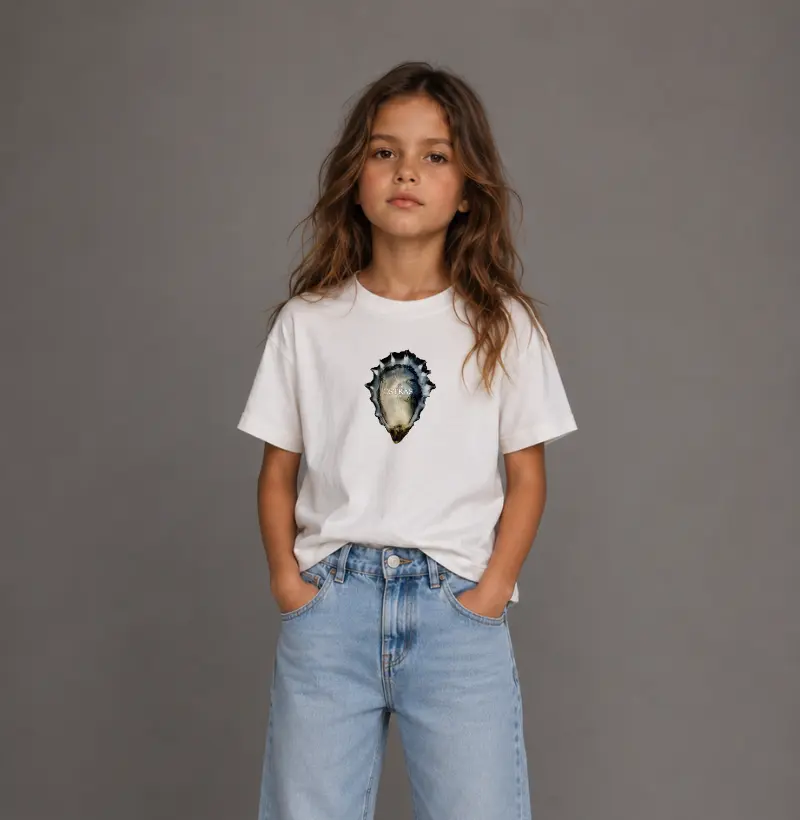 Camiseta Infantil Sem Fim Ostras - por Enfim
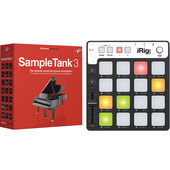 IK Multimedia SampleTank 3 and iRig Keys Pro Controller for Mac and PC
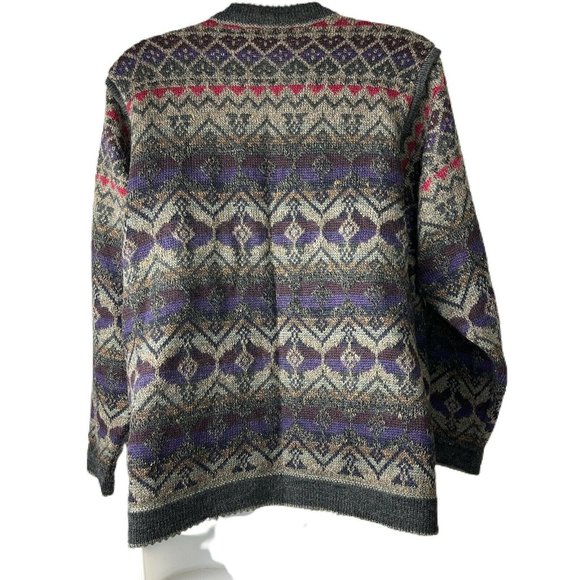 Iva Knight 100 % New Wool Cardigan Sweater - No Size Tag - Picture 2 of 4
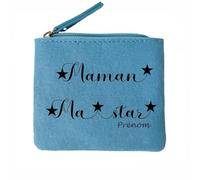 Porte Monnaie Bleu Motif Maman Star Personnalisable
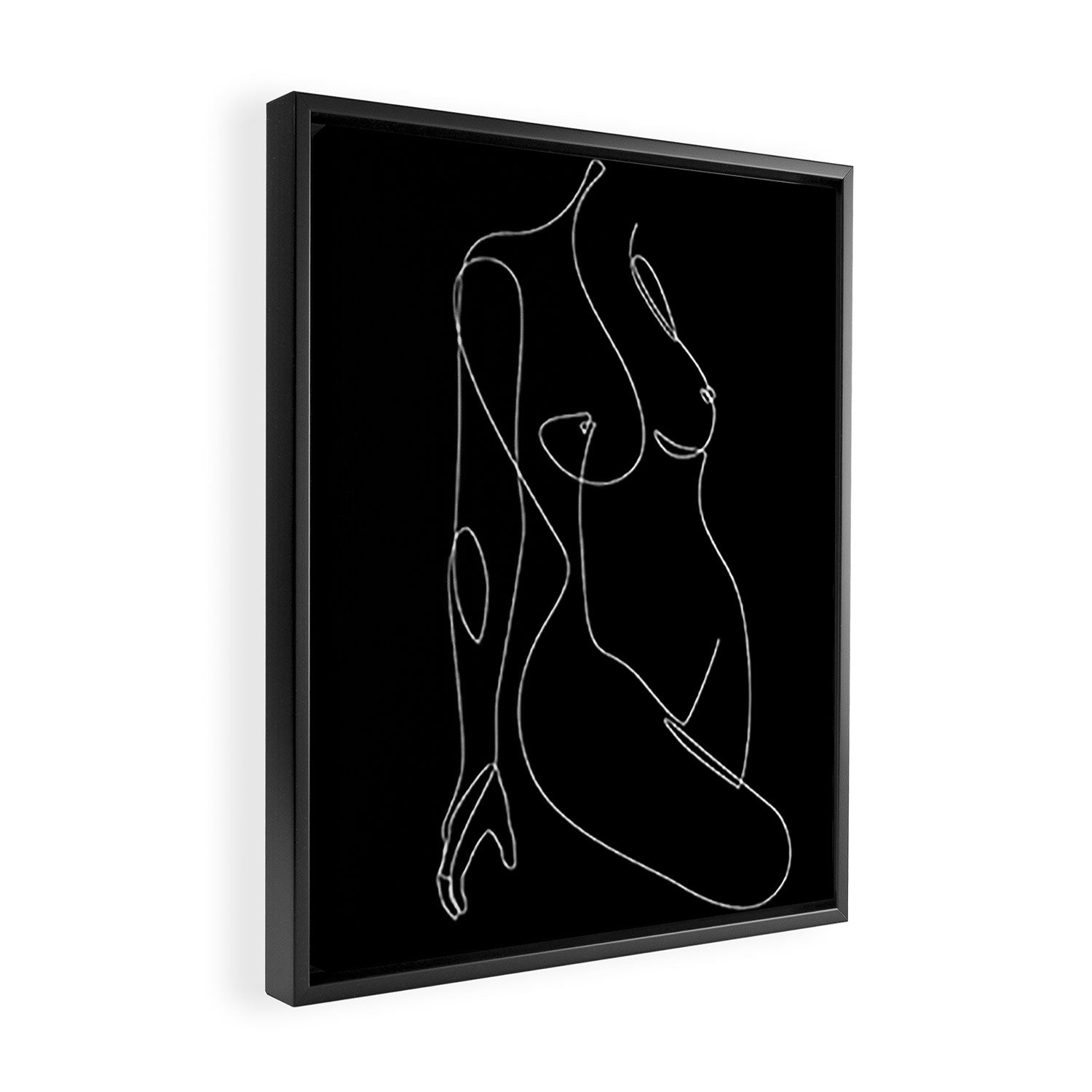 Single Nude Night Framed Canvas Print Gallery Image 2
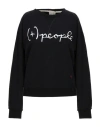 People (+)  Woman Sweatshirt Black Size S Cotton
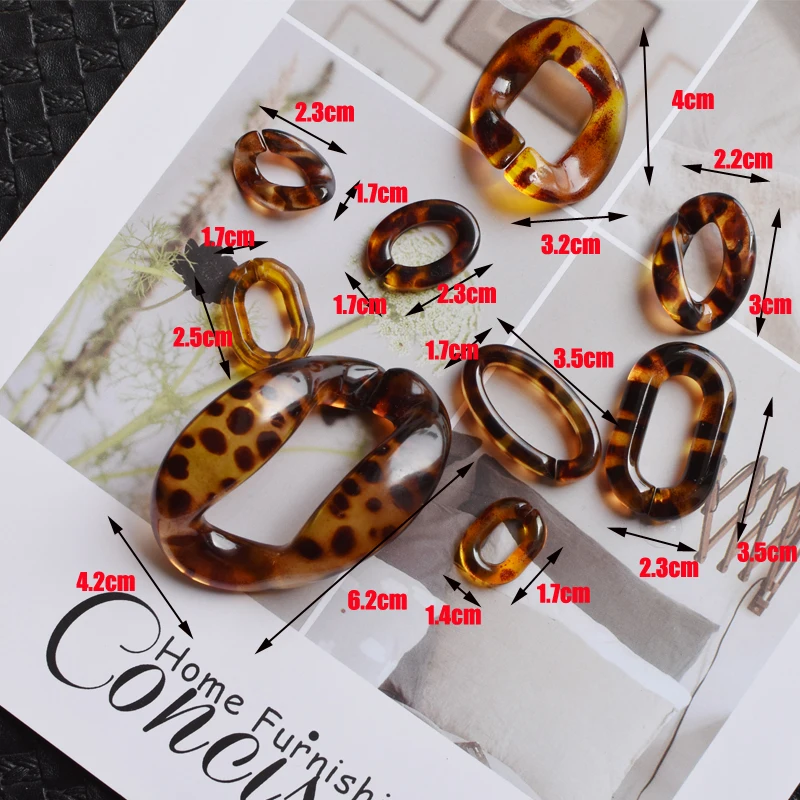 MM FOND 3 см* 5 см вокруг модная сумка акриловая diy части акриловая сумка на плечо круги цепь аксессуар размер ожерелье части
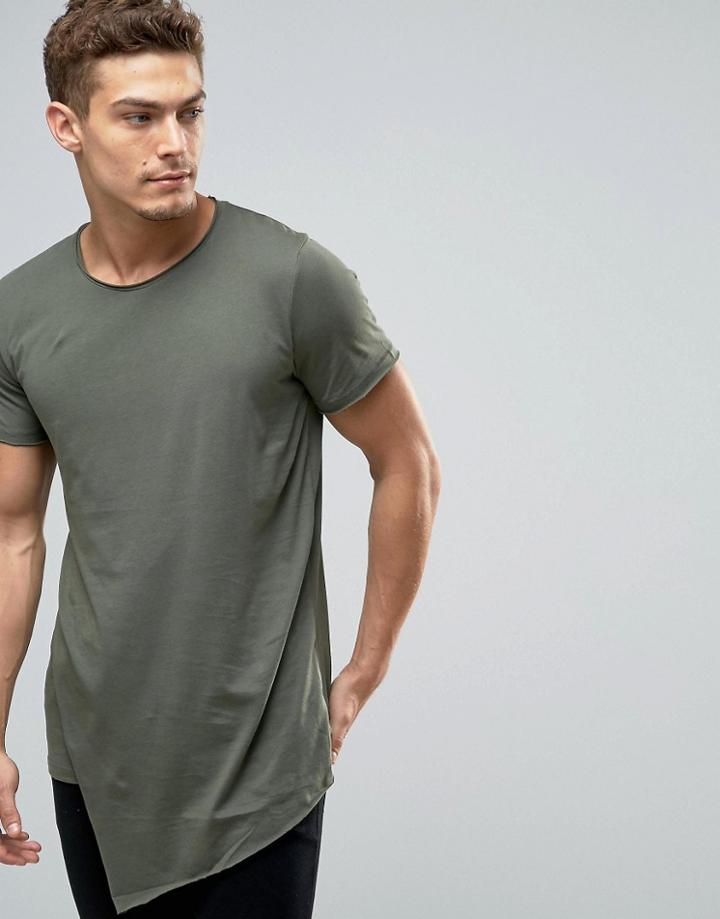 Jack & Jones T-shirt With Faux Layer - Green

## WORK REQUIRED
The expected output is an exact retyping of the lines from the line with "Iva Knight 100" through the last line of the data, with both ends kept and the pictures dropped.

## RESULT
 Iva Knight 100 % New Wool Cardigan Sweater - No Size Tag - Picture 2 of 4
 Porte Monnaie Bleu Motif Maman Star Personnalisable
 Single Nude Night Framed Canvas Print Gallery Image 2
 People (+)  Woman Sweatshirt Black Size S Cotton
 MM FOND 3 см* 5 см вокруг модная сумка акриловая diy части акриловая сумка на плечо круги цепь аксессуар размер ожерелье части
 Jack & Jones T-shirt With Faux Layer - Green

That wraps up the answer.